The NHS Forest’s free fruit trees are only available until March 2025, apply through the NHS Forest website.
The planting of these fruit trees will be used to teach the students about bed prep, tree planting, tree pruning and training. To make the most out of having an orchard Rob and Shelley advise, working with third sector partners to support their care and trying to integrate the tree care into nature-based work with volunteers where you can. A lot of the fruit tree maintenance is undertaken as part of the training they run.
Being around others with different conditions makes me realise I’m not the only person struggling. I feel comfortable and safe. I love it.
Participant of the vocational training
Rob thinks that the most impactful project they have done is to introduce beehives with the support of local beekeepers. Not only do they help with pollination, but they really seem to have captured the imagination of the public. People’s curiosity about the hives sparks all sorts of conversations around climate change and pollinators.
Although the value of the orchard is firstly to support the bees and the wider biodiversity, produce is prepared in the onsite café for visitors to enjoy. Recently, on an autumnal theme, spiced apple cupcakes were on the menu, made by people on Flourish’s vocational catering skills programmes who have long-term conditions or disabilities. There is an infamous jelly made from the crab apples dotted around the site and the old peach garden and chutney from the fruits of the fig trees. From the walled garden, bags of the produce are available to customers. Carrots and cabbages are grown to make their café coleslaw.
The Yorkshire bike shack have a school holiday programme where school children come for cookery activities. The students have made use of the produce and loved picking the mulberries from the enormous old tree. The students also learned how vegetables grow in the walled garden and saw plants they have never seen before.
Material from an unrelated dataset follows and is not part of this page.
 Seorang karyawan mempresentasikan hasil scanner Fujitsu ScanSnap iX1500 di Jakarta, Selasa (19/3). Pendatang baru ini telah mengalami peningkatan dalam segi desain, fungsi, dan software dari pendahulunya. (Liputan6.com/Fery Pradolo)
They got especially excited by peas in their pods and were thrilled to take them back to their parents and share the magic of fresh nourishing food.
Produce from the land and the trees provides nourishment for the community, it is a medium for learning and therapy as well as supporting the site’s biodiversity. The enterprise element sits within the green space at Flourish and provides vital opportunities for people from all walks of life and from all generations. It is a fantastic example of using green space for community care.